Short web captions:
Start of Block
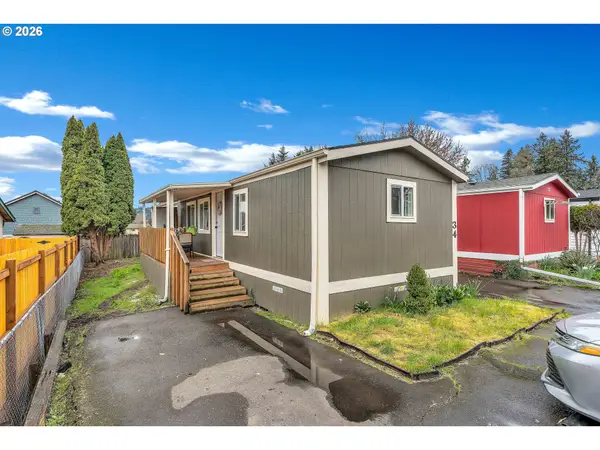 3200 SE Silver Leaf Ln #34, Portland, OR 97267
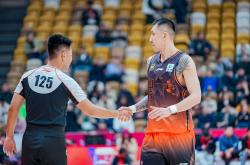 包含新疆广汇围绕CBA常规赛手感冰凉费耶诺德外线爆发备战全明星赛，现场解说直呼：里程碑夜里尔再遭质疑的词条亚博体育官网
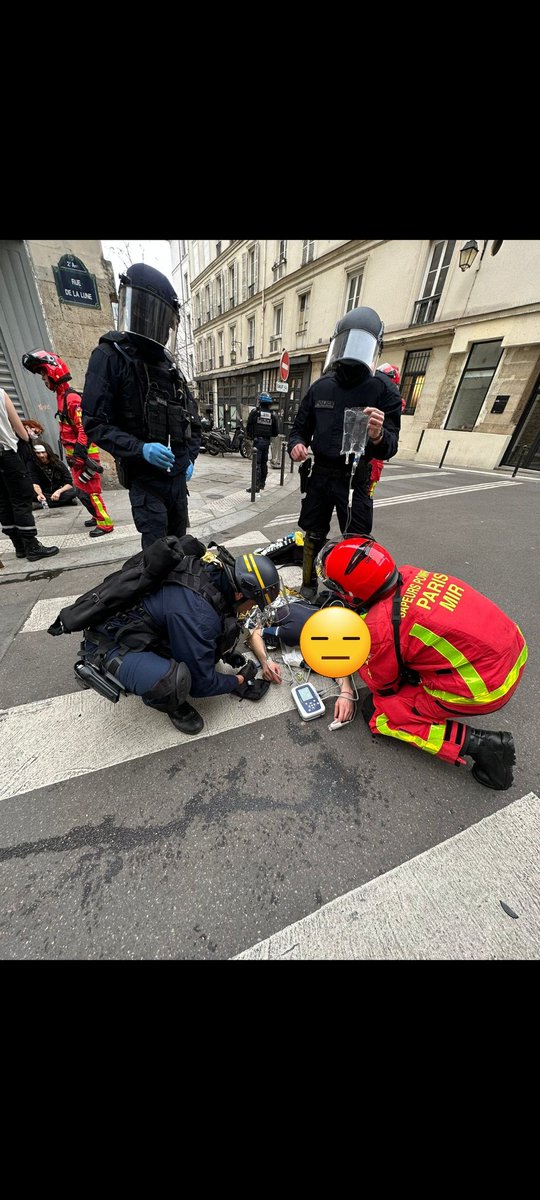 gregjoron_UN1TE's tweet photo. Le Groupe d'Appui Médicalisé (GAM) des #CRS portant les 1er soins à notre collègue de la 11ème CI touche à la tête par 1 jet de pavé.
Bravo à eux pour leur intervention en situation dégradée !
Prompt rétablissement à notre collègue 
#Manifestations https://t.co/unQYH8OGF9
End of Block
ABOUT THIS EXERCISE - Copy the entries exactly. Leave the pictures out.

OUTPUT OF THE EXERCISE -
 3200 SE Silver Leaf Ln #34, Portland, OR 97267
 包含新疆广汇围绕CBA常规赛手感冰凉费耶诺德外线爆发备战全明星赛，现场解说直呼：里程碑夜里尔再遭质疑的词条亚博体育官网
 gregjoron_UN1TE's tweet photo. Le Groupe d'Appui Médicalisé (GAM) des #CRS portant les 1er soins à notre collègue de la 11ème CI touche à la tête par 1 jet de pavé.
Bravo à eux pour leur intervention en situation dégradée !
Prompt rétablissement à notre collègue 
#Manifestations https://t.co/unQYH8OGF9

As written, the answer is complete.